Two Italian oil workers who were abducted last week in Nigeria’s restive Niger Delta region have been released, Nigerian and Italian officials announced Monday.
Lucio Moro and Luciano Passarin, both employees of the Italian construction group Impregilo who were taken hostage on Friday, “were released a short time ago,” an Italian foreign ministry spokesman told AFP in Rome.
In Nigeria, a member of the Niger Delta Peace Forum, a group working with the Nigerian Army to demilitarize the region, said the two Italians had been handed over to his group early Monday evening.
Impregilo confirmed the release of the men.
“We know they’ve been released but that’s the only thing we know for the moment,” a company spokesman told AFP by telephone.

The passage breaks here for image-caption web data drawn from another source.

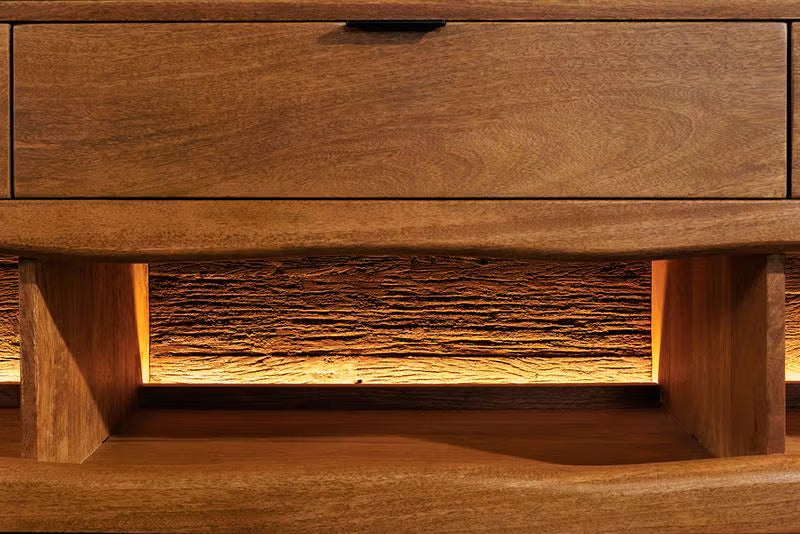 Massives Sideboard GRAND 180cm braun Mangoholz mit LED-Beleuchtung Schubladen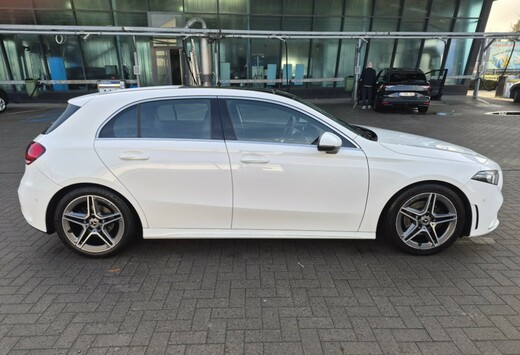 Mercedes A180 met AMG in zeer goede staat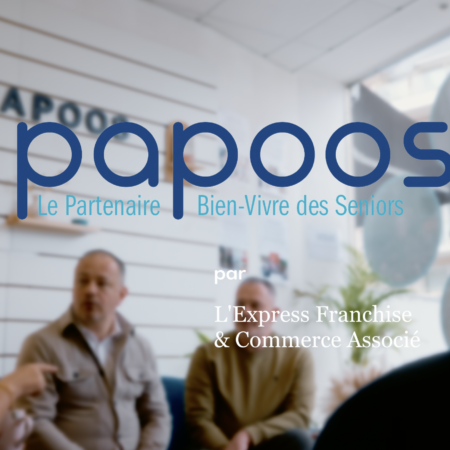 papoos : logo bleu et intérieur convivial pour seniors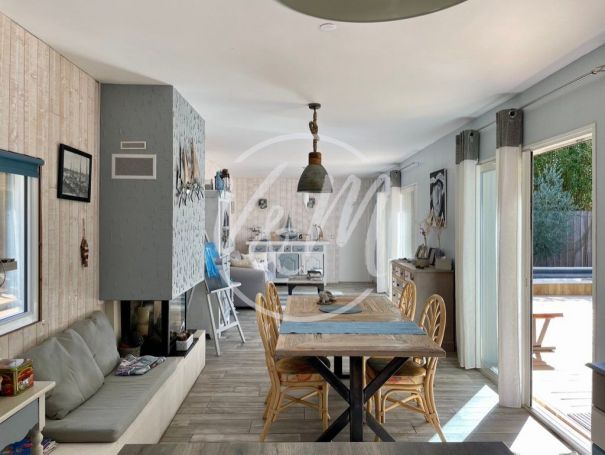 A vendre MAISON  DE MAîTRE BORD DE MER LE PORGE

A diplomatic source in Nigeria said Moro and Passarin were freed on a road outside Port Harcourt, the nation’s oil capital.
The men were abducted last Friday after gunmen stormed into the Impregilo offices, some 40 kilometres (25 miles) from Port Harcourt.
The kidnappings led to a call from the Italian foreign ministry to all Italian companies operating in the Niger Delta to withdraw expatriate staff.
Two other Italians working for Italian oil giant Agip abducted on December 7 are still being held by the Movement for the Emancipation of the Niger Delta (MEND).
Though no group has claimed responsibility for the most recent abductions, MEND had warned that it would retaliate against Agip and local state authorities after a kidnapped Lebanese national escaped.